> Information supplied:
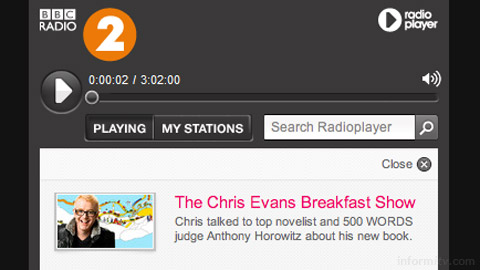 BBC Radio 2 on the Radioplayer.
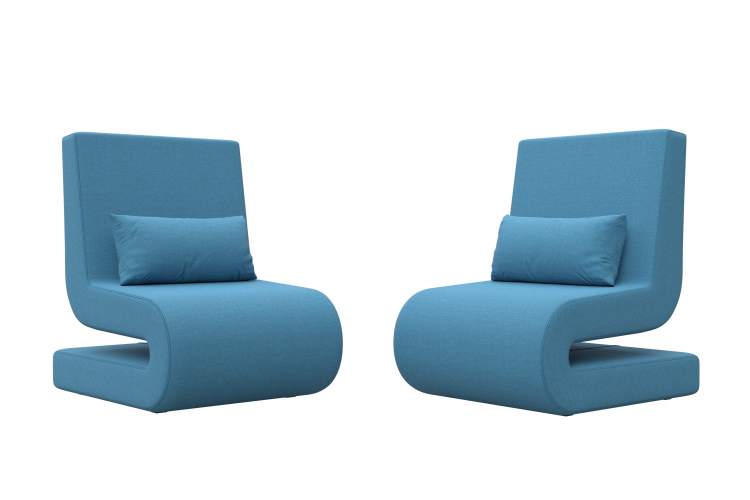 Кресло Волна (2 шт.) Рогожка Амур 10 голубой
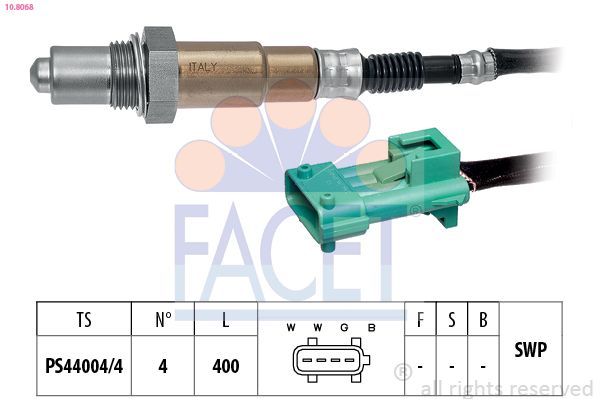 Oksijen (Lambda) Sensörü  Citroen C3 (09.2009->)  FACET 10.8068
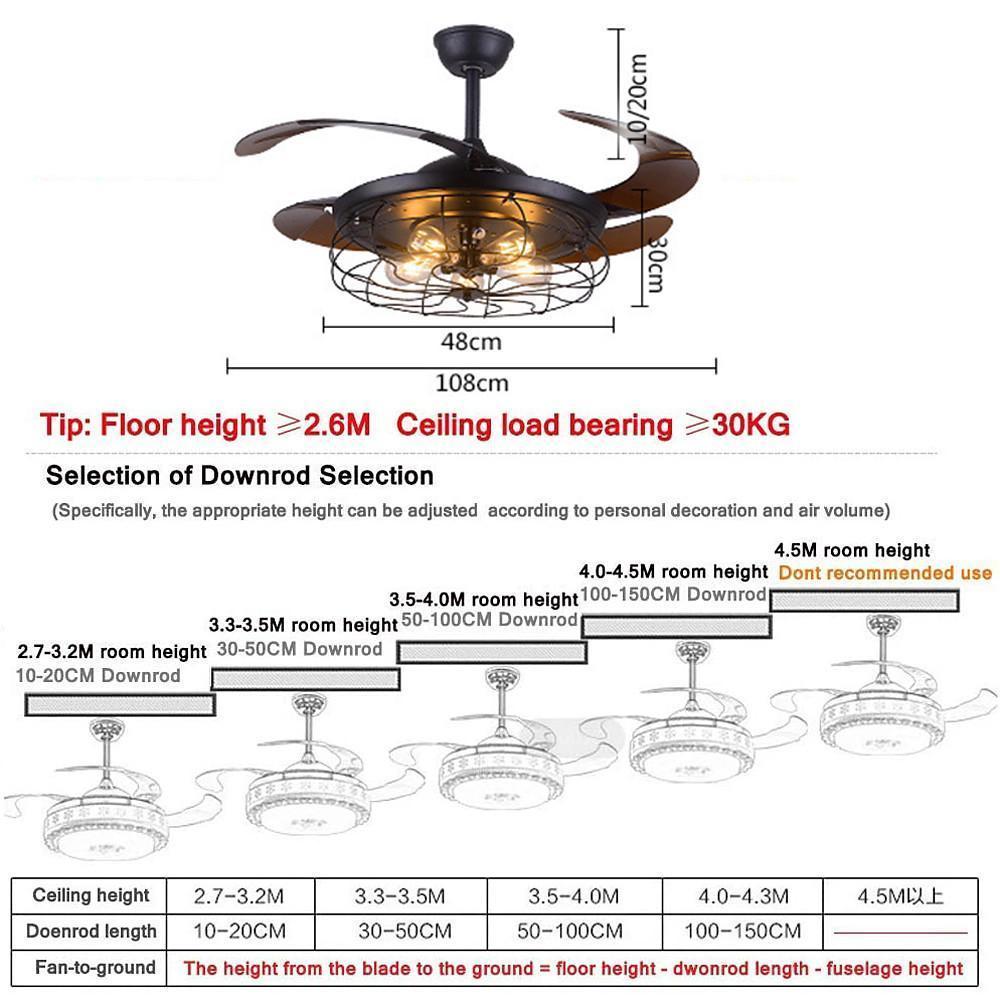 Retractable Farmhouse Ceiling Fan Light with Lantern Design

> Task: An exact reproduction of the data above is required, with every picture removed.

> Your response:
 BBC Radio 2 on the Radioplayer.
 Кресло Волна (2 шт.) Рогожка Амур 10 голубой
 Oksijen (Lambda) Sensörü  Citroen C3 (09.2009->)  FACET 10.8068
 Retractable Farmhouse Ceiling Fan Light with Lantern Design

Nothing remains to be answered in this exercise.